The large, reflective glass doors on the first floor of the Mass Communication Building mark the entrance to a pioneering space designed as an outlet for student media and state-of-the-art instruction. It’s MTSU’s new Center for Innovation in Media.
Upon entering these doors, it’s difficult not to gawk at the state-of-the-art equipment and technology featured in every visible space. In the open, central area, known as “the egg,” rows of sparkling iMac computers equipped with the latest programs in design, video, audio and print editing are perched side-by-side. The walls boast large flat-screen television monitors, providing “windows to the outside world” since they are tuned to national and global news stations.
Behind doors on either side of the entrance is radio’s realm. One door opens into Studio B, dedicated to WMOT, Murfreesboro’s public radio station. The other leads to Studio A, home to WMTS, the student-operated station. Both studios feature the latest in recording-industry equipment, from the swiveling display monitors to the deluxe switchboards.

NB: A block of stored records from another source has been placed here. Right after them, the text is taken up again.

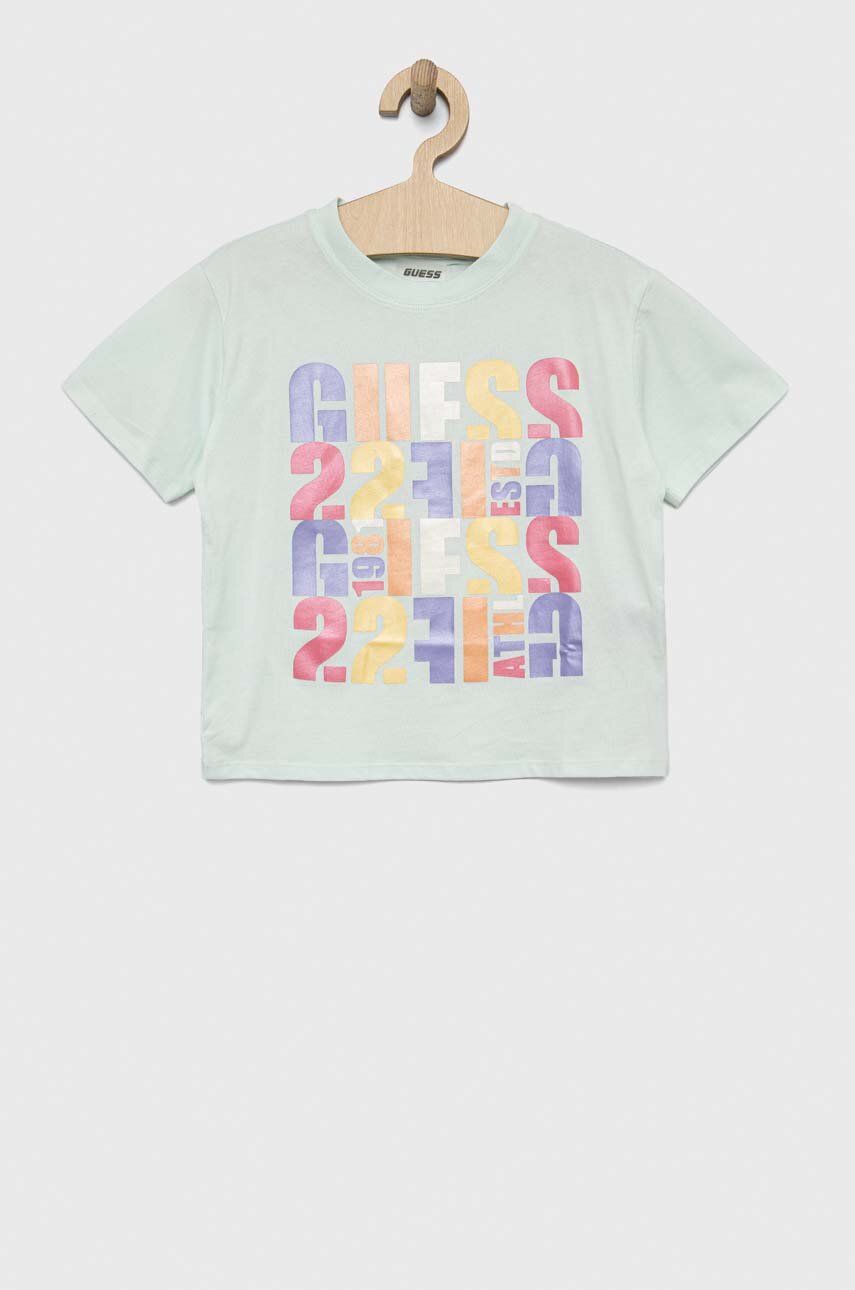 Dětské bavlněné tričko Guess tyrkysová barva - tyrkysová -  100 % Bavlna
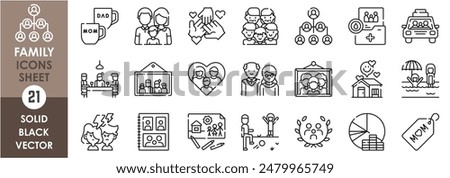 A set of line icons related to family.  dad, mom, mother, love, dining room, documents, family car, photo album, couple, child, family drawing, budget, combined family and so on. Vector outline icons 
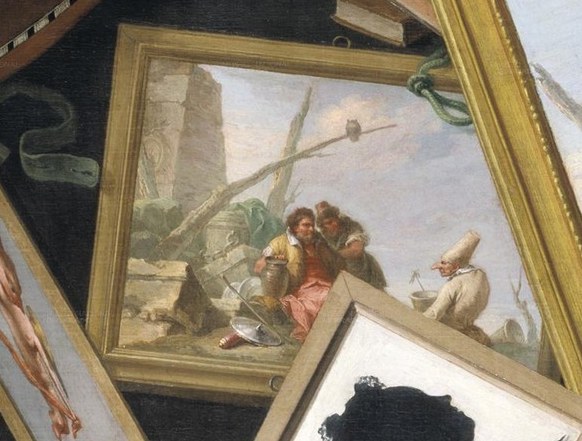 This smaller painting shows figures inside.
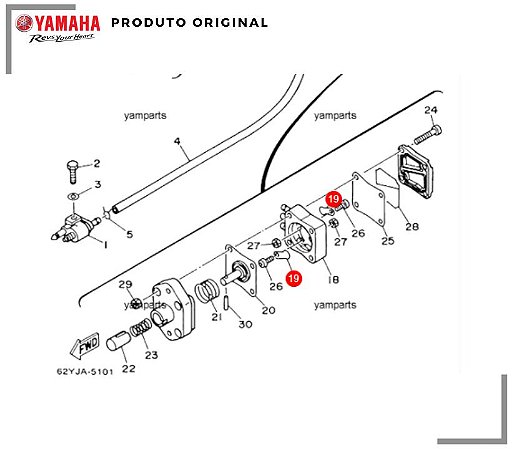 PALHETA DA BOMBA MECÂNICA YAMAHA 15 / 40HP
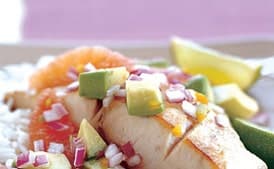 Mahi-Mahi with Blood Orange, Avocado, and Red Onion Salsa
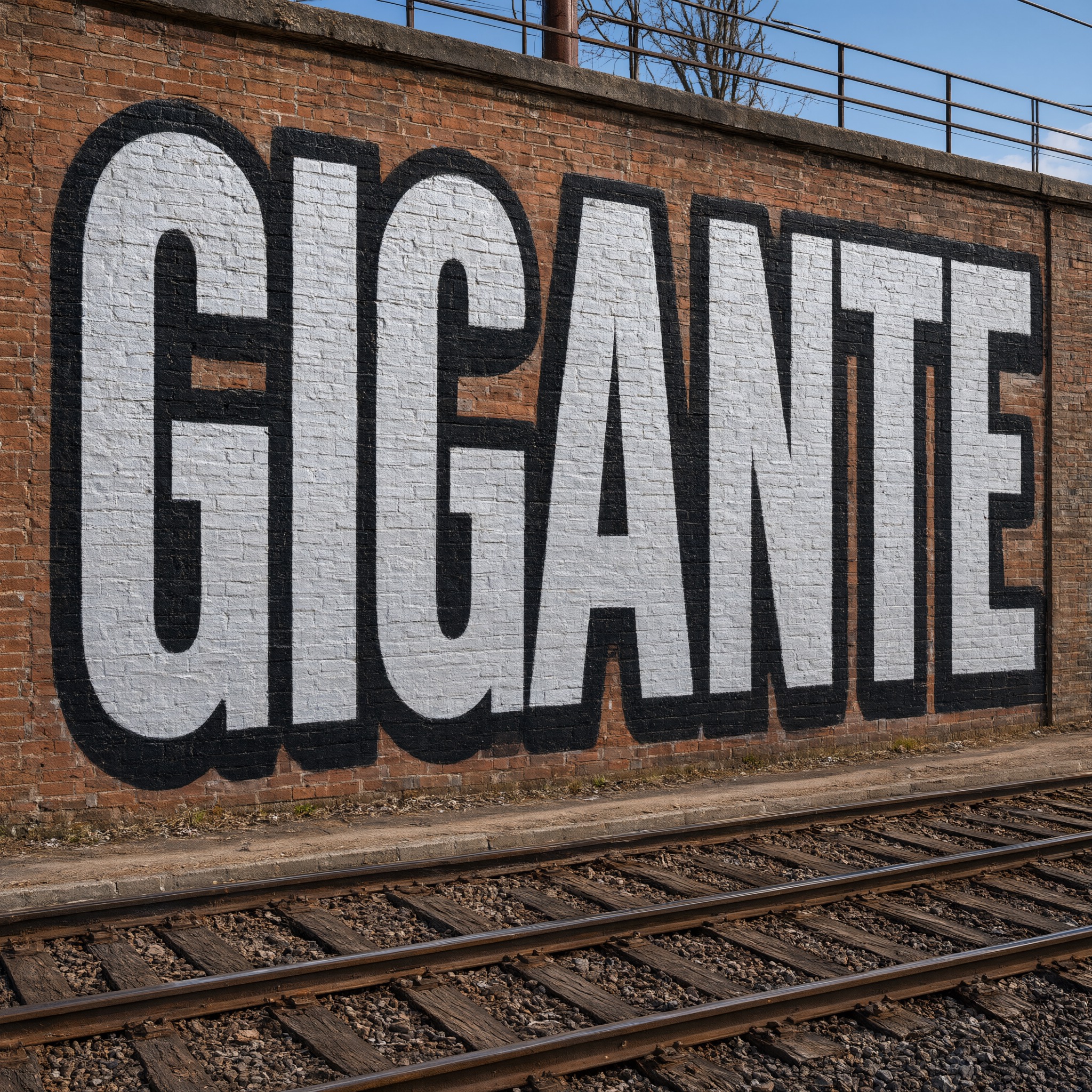 Fonte de IA Grafite blockbuster gerada no Qwen-Image: a palavra GIGANTE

DJ Kelsey Griffith has the privilege of directing her own segment on WMTS Mondays from 10 p.m. to midnight. She finds the transparent, technologically advanced studio enchanting to work in. “We’re a showcase,” she said. “I’m so in love with this place.”
Branching off from “the egg” are hallways leading to several equally impressive areas. The virtual newsroom, also known as the “green room” for its floor-to-ceiling coloring, serves as the production lab for MT10HD’s newscasts. Its robotics technology and visual-effects capability rival and in many instances exceed that of a professional news station.

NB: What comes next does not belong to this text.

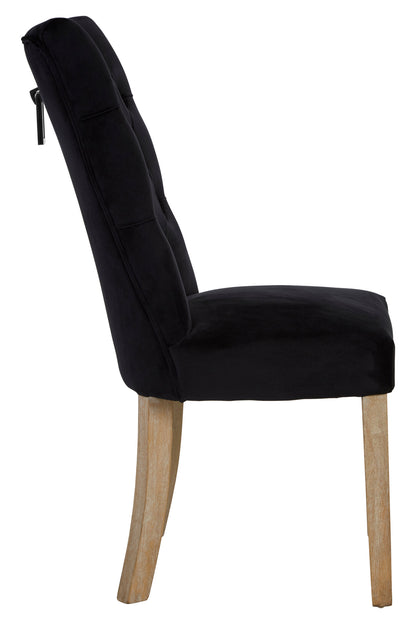 Davenport Luxe Black Buttoned Dining Chair with Antique Legs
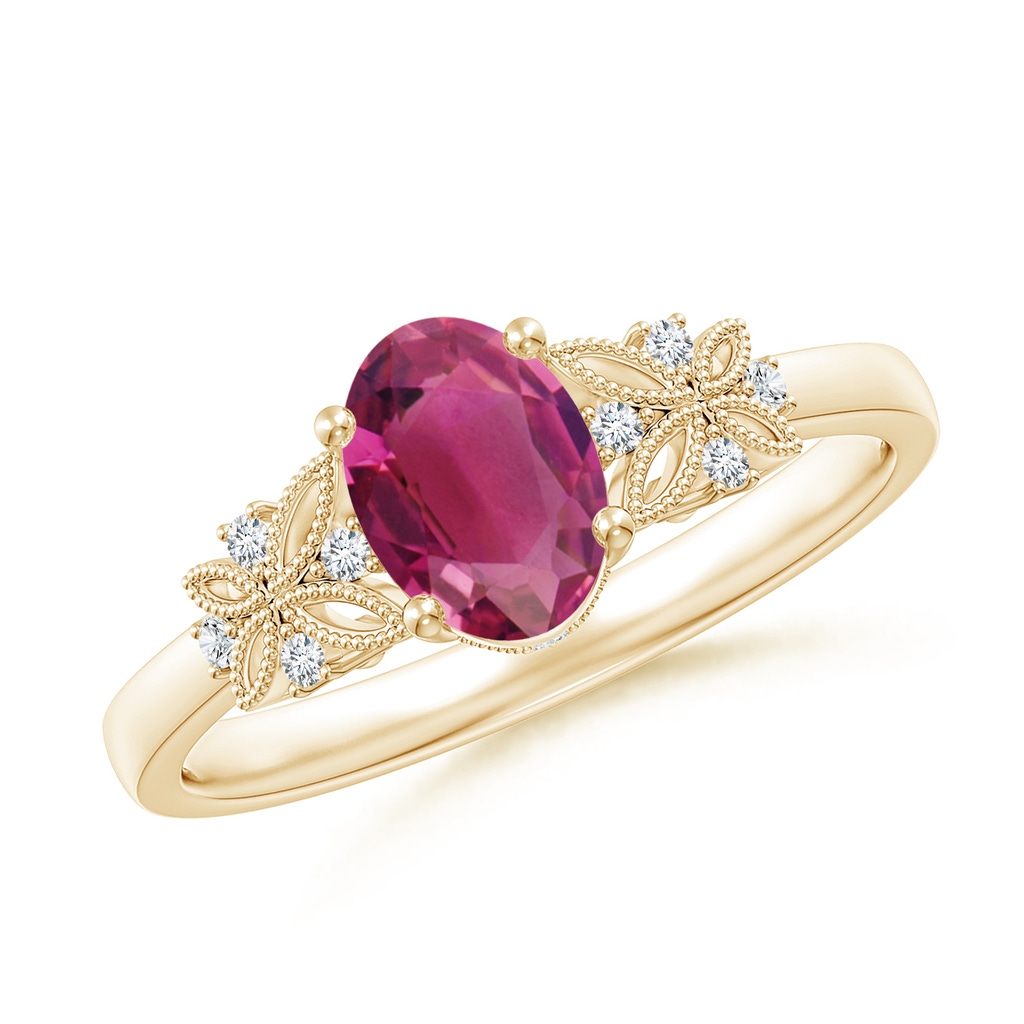 7x5mm AAAA Vintage Style Oval Pink Tourmaline Ring with Diamonds in Yellow Gold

Other rooms in the center include the “smart classroom,” where classes and group work are enhanced by robotics and computer technology, and the conference room where student-media representatives meet each morning to discuss their ideas, plans and objectives for the day and future. Sidelines, MT Records, WMOT, WMTS and MT10HD all have a place here, and their proximity to each other means they share ideas, inspiration and creative energy.

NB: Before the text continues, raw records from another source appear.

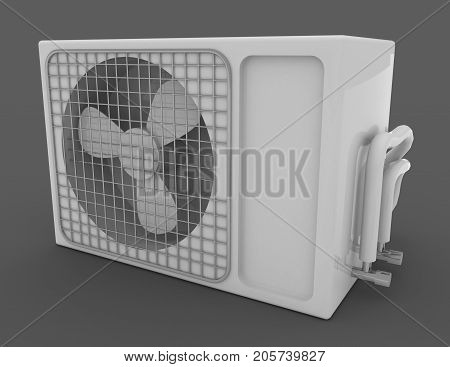 Modern Air Conditioner Isolated On A Gray Background . 3D Rendered Illustration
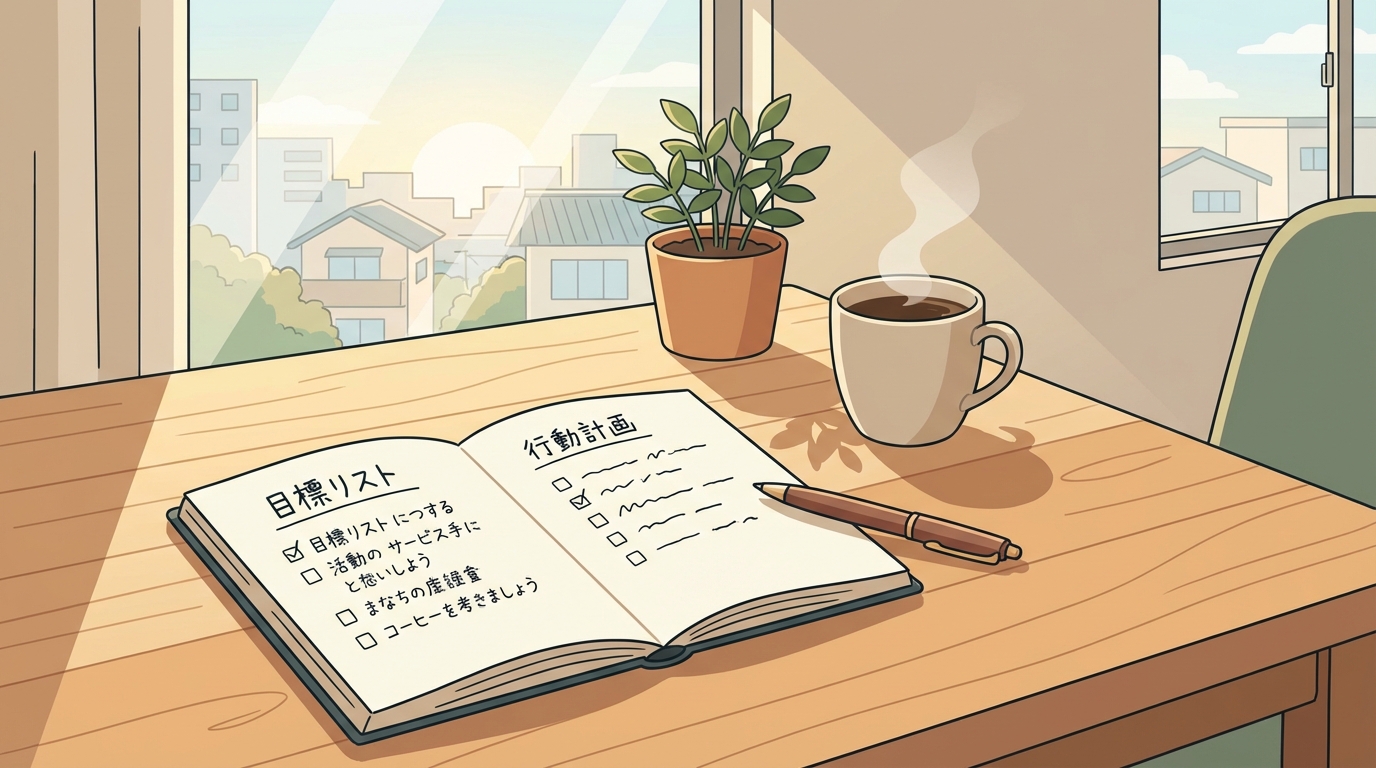 目標達成に向けたプランニング:ノート、ペン、コーヒーカップが並ぶ朝のデスク風景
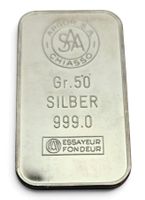 Argor SA Chiasso Silberbarren 50g Feinsilber 999 Vintage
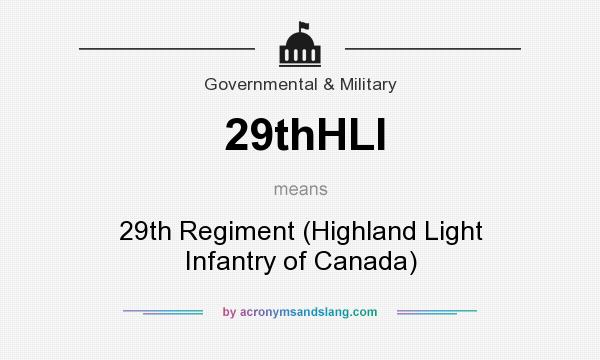What does 29thHLI mean? It stands for 29th Regiment (Highland Light Infantry of Canada)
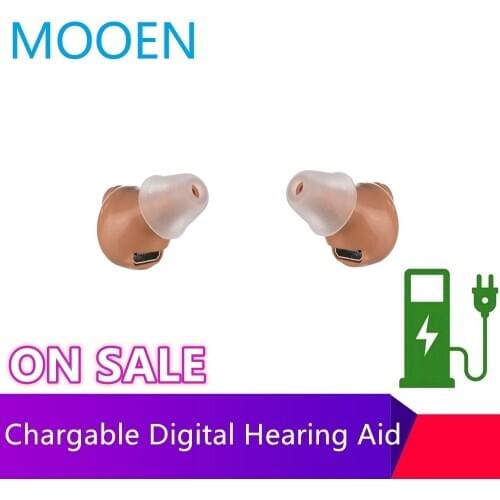 Mini Rechargeable Hearing Aid Digital CIC Hearing Aids Adjustable Tone Sound Amplifier Portable Deaf Elderly digital Hearing Aid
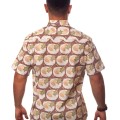 Camisa social masculina de algodão estampado manga curta, marrom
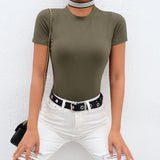 Casual Basic Black and White Short Sleeve Bodysuit for Women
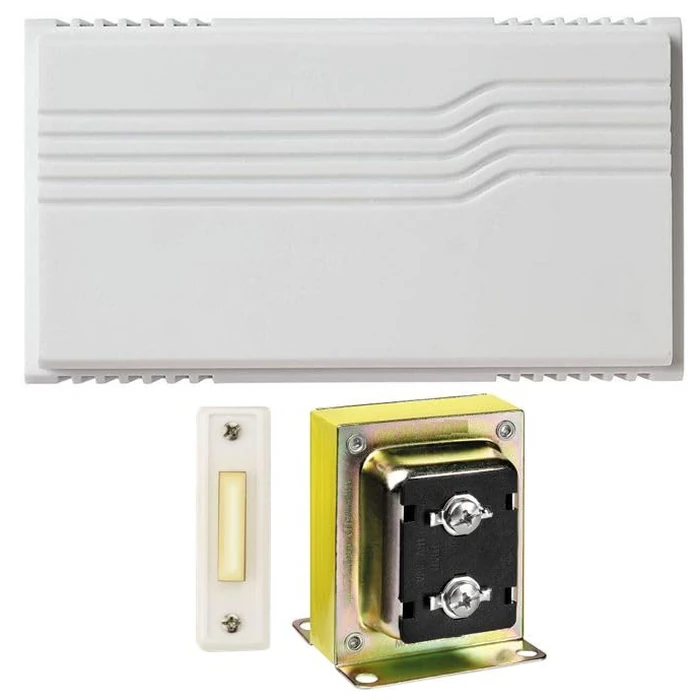 Newhouse Hardware Two Note Wired Door Bell Chime Kit w/Transformer & Surface Mount Lighted Push Button, 16VAC/10 VA, White by Newhouse Hardware - Used - Acceptable condition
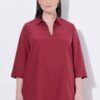 Τουνίκ σε γραμμή Α με γιακά και μανίκια 3/4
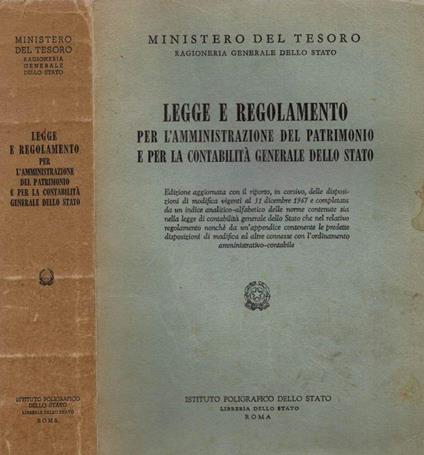 Legge e Regolamento per l'Amministrazione del Patrimonio e per la Contabilità Generale dello Stato - copertina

“This is a big deal,” Griffith said. “Not a lot of universities have this.”
Before the new center officially opened in April, MTSU’s mainstream media platforms resided in separate corners of the campus, working alone to research and develop their print, television and radio productions. Here, these media platforms converge and collaborate, giving students the opportunity to forge relationships with organizations and like-minded individuals, as well as be exposed to the technology and operation of specific fields, which is essential in preparation for the professional world.
“This center is being used to drive our curriculum,” said the College of Mass Communication’s dean, Roy Moore. “What it’s becoming very much reflects what’s beginning in the professional world.”
Stephan Foust, the center’s director, began contemplating the idea of the center years ago. The hope was to create a space where students could be properly trained and educated in the world of media. “We think it is the cutting-edge, functional answer to those questions we were asking several years ago,” Foust said. “We want this new culture that we’re creating … to continue to grow, so that the idea of convergence simply becomes the way we do business.”
Since the opening of the center, student media has experienced an upsurge in involvement. Foust has further hopes that the center will inspire partnerships between other departments of MTSU, just as it has inspired those in the building. “For a first semester open in business, we’re really pleased,” he said.
As the center continues to develop and expand, the work produced within will undoubtedly be as reflective of the changing media frontier as its glass doors are to the outside.
Written by Noel S. Heath, a junior PR major. Noel is associate editor of Mass Comments and vice president of fundraising for MTSU’s chapter of the Public Relations Student Society of America. She wrote this story while a student in Sharon Fitzgerald’s media writing class.